The topic keeps coming back because it is relevant to all learner drivers. When I wrote the original story, DVSA – or DSA, as it was then – had just updated its Internal Guidance Document (DT1) to say:

To ensure uniformity, when conducting car or vocational tests and ADI qualifying examinations, only assess the candidate’s ability to control the vehicle and do not consider it as a fault if, for example, they do not hold the steering wheel at ten to two or quarter to three or if they cross their hands when turning the steering wheel. The assessment should be based on whether the steering is smooth, safe and under control.

The part I’ve highlighted was an addition, and in previous versions of DT1 the steering technique was not mentioned. Even so, no examiners round my way ever failed people for “crossing their hands”. You see, all DVSA was doing with this update was making sure that its examiners were clear on the subject (hence the phrase “[ensuring] uniformity”). Reading between the lines, it seems that there had been complaints about one or two examiners around the country who had been faulting candidates unnecessarily.
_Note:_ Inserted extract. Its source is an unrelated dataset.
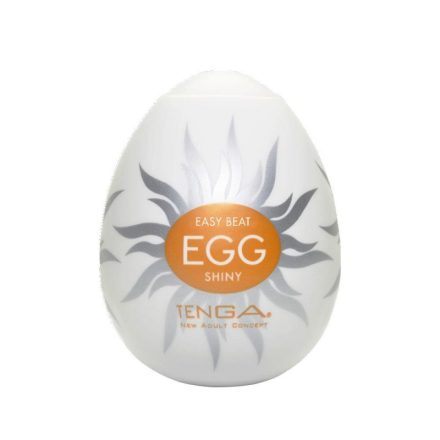 Tenga EGG - SHINY 1db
Reading even deeper, I would surmise that these were ex-ADIs who had carried their ideas about “crossing hands” and “holding the steering wheel properly” across with them when they gave up teaching.

The bottom line is that as long as steering is under control it doesn’t matter how a pupil does it. They can steer with one hand, with their palm, use hand over hand… it simply doesn’t matter. And it hasn’t mattered – not officially, anyway – for a very long time. I emphasise again that the change to DT1 was a clarification and not a major change in policy.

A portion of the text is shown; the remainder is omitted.